Bitfield ordering and ABI vary across compilers, so don't use them for wire/file formats. Use them for in-memory state.

For wire formats use explicit bitwise ops (x |= (1 << 3)) — portable, predictable.

Stack discipline

Stack overflows are silent killers on microcontrollers. There's usually no MMU to catch them. Two practices:

Watermark the stack. Fill it with a known pattern at boot (0xDEADBEEF), then check the highest used address periodically:

extern uint8_t _stack_start, _stack_end;

void stack_paint(void) {
    for (uint8_t* p = &_stack_start; p < &_stack_end; p++) *p = 0xA5;
}

size_t stack_high_water(void) {
    uint8_t* p = &_stack_start;
    while (*p == 0xA5 && p < &_stack_end) p++;
    return &_stack_end - p;
}

Print the high-water mark from a debug command. Lets you size stack correctly instead of guessing.

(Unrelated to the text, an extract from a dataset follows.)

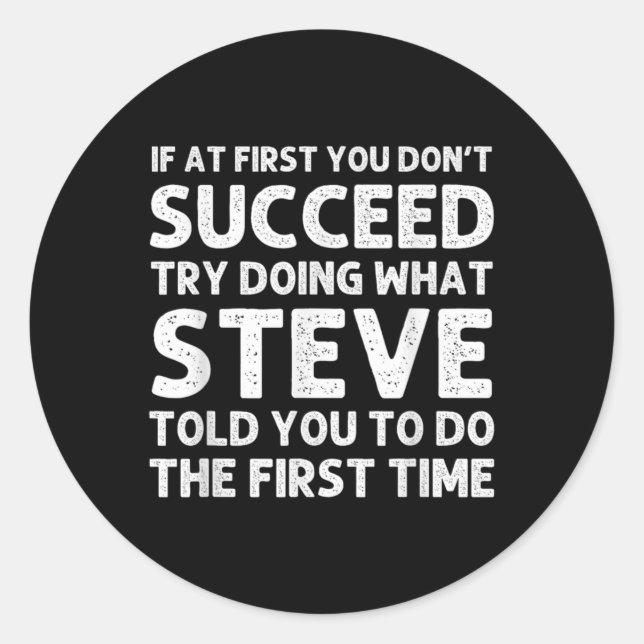 Steve Gift Name D Birthday Funny Christ T Shirt  Classic Round Sticker (Front)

Avoid large local variables.

void render(void) {
    uint8_t framebuffer[800 * 480 / 8];   // 48KB on the stack — disaster
}

Move it to a static, a heap allocation at init, or a pool. Stack is for small, short-lived things.

Avoid recursion. Or bound it explicitly. Recursive parsers in microcontroller-land are a frequent crash source.

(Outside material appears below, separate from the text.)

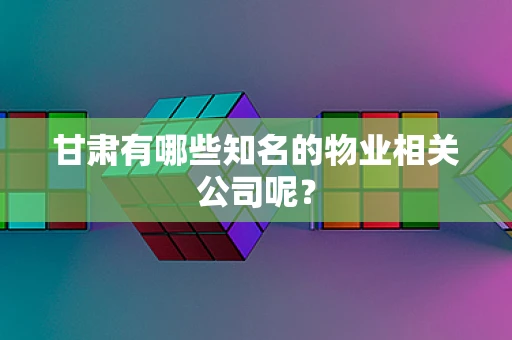 甘肃有哪些知名的物业相关公司呢？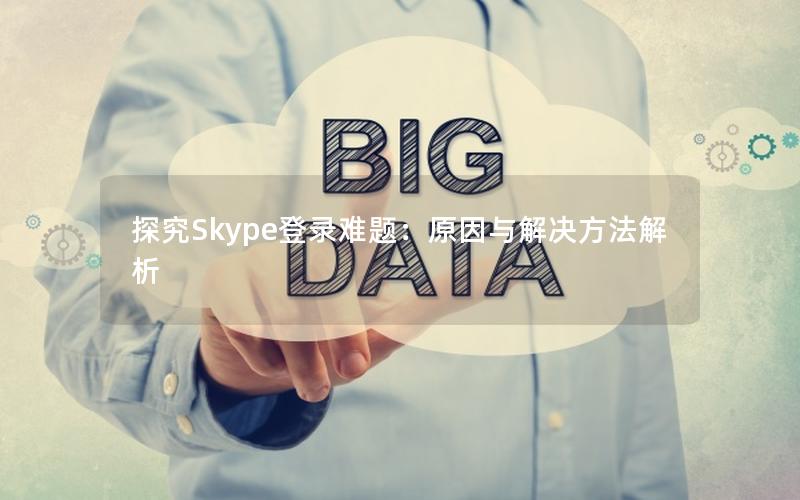 探究Skype登录难题：原因与解决方法解析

Avoid the standard library when you can

printf alone can drag in 10-30KB of code and use kilobytes of stack. On a microcontroller, that's catastrophic.

  • Use snprintf over printf (no stdout buffer).

  • Use a tiny printf alternative like mpaland/printf or eyalroz/printf — drop-in replacement, ~3KB code, no malloc.

  • Avoid stdio file operations.

  • Avoid <math.h> doubles; use floats or fixed-point.

  • Avoid <string.h> if it's pulling in a heavyweight memcpy — write your own for small known sizes.

The compiler's --specs=nano.specs (newlib-nano) on ARM is mandatory for size-constrained builds.

Floats vs fixed-point

If your MCU has no FPU (Cortex-M0, M3, AVR, ESP32-C3 in some configs), every floating-point operation gets emulated in software. Slow and brings in big libraries.

Use fixed-point arithmetic instead:

// Q16.16 fixed point: upper 16 bits integer, lower 16 bits fraction
typedef int32_t fix16_t;
#define FIX16_ONE 65536

fix16_t fix_mul(fix16_t a, fix16_t b) {
    return (fix16_t)(((int64_t)a * b) >> 16);
}

Or use libfixmath. For UI positioning, sensor scaling, audio — fixed-point is plenty. Save the FPU for things that genuinely need it.

Power-of-two sizes

Modulo and division are expensive on MCUs without hardware division (AVR, Cortex-M0). Power-of-two sizes let the compiler use shift/mask instead:

#define BUF_SIZE 256                    // power of 2
uint8_t buf[BUF_SIZE];
size_t i = 0;
buf[i++ & (BUF_SIZE - 1)] = byte;       // shift-mask, fast
                                        // vs: i++ % BUF_SIZE -- slow division

Ring buffers, hash tables, lookup tables — pick power-of-two sizes when you can.

Read the datasheet's memory map

Many MCUs have multiple RAM banks with different speeds and access patterns. ESP32 has DRAM, IRAM, RTC RAM. STM32 has main SRAM, CCM RAM (faster, no DMA). Cortex-M7 has TCM (tightly-coupled memory, single-cycle access).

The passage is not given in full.